Dr Stephan Irle
Computational Chemistry and Nanomaterials Sciences Group, Computational Sciences and Engineering Division, Oak Ridge National Laboratory, Oak Ridge, TN 37831-6129, U.S.A.
The density-functional tight-binding (DFTB) method  is an approximation to density functional theory (DFT) allowing a speedup of first principles electronic structure calculations by two to three orders of magnitude. This is achieved by solving the Kohn-Sham equations for valence electrons using a parameterized two-center Hamiltonian in a minimum pseudoatomic orbital basis set. Since electronic structure is explicitly computed for each atomic configuration, DFTB is capable of simulating chemical processes including the breaking of covalent bonds, changes in aromatic electronic structure, charge transfer, charge polarization, etc. . DFTB methods can therefore be employed in atomistic molecular dynamics (MD) simulations of processes that involve complex chemical processes, electron transfer, and/or mass and ion transport. Its applicability is limited in part due to the unfavorable cubic scaling of computer time with system size, and in part due to the necessity of parameterization for element pairs. Linear-scaling algorithms for massively parallel computation [3,4] and semiautomatic parameterization codes  have been developed to address these shortcomings. Recently, systematic bias corrections were proposed based on a D-machine learning approach employing neural network potentials .

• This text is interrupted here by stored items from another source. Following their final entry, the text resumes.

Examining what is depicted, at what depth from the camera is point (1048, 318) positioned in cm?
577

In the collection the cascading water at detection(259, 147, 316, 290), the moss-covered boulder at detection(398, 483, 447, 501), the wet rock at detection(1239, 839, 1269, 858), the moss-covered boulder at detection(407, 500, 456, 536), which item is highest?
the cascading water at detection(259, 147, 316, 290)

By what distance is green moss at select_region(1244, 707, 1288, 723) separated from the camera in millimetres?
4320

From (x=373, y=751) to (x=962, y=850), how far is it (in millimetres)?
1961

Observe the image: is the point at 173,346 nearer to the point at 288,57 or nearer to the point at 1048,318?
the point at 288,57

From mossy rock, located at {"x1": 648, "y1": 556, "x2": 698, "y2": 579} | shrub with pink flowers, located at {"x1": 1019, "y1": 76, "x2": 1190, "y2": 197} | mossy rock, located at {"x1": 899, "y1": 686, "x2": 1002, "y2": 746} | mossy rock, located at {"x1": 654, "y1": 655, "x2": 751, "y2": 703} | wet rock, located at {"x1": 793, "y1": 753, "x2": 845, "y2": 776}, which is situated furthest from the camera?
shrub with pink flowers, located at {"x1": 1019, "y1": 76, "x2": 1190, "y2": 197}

In this talk, I will first briefly review the DFTB method and its various “flavors” for including Coulombic interactions, before highlighting challenges associated with the parameterization of the Hamiltonian. DFTB-based simulations of nanoscale materials self-assembly will illustrate the predictive power of the method to unravel complex chemical processes occurring in nonequilibrium on large length scales .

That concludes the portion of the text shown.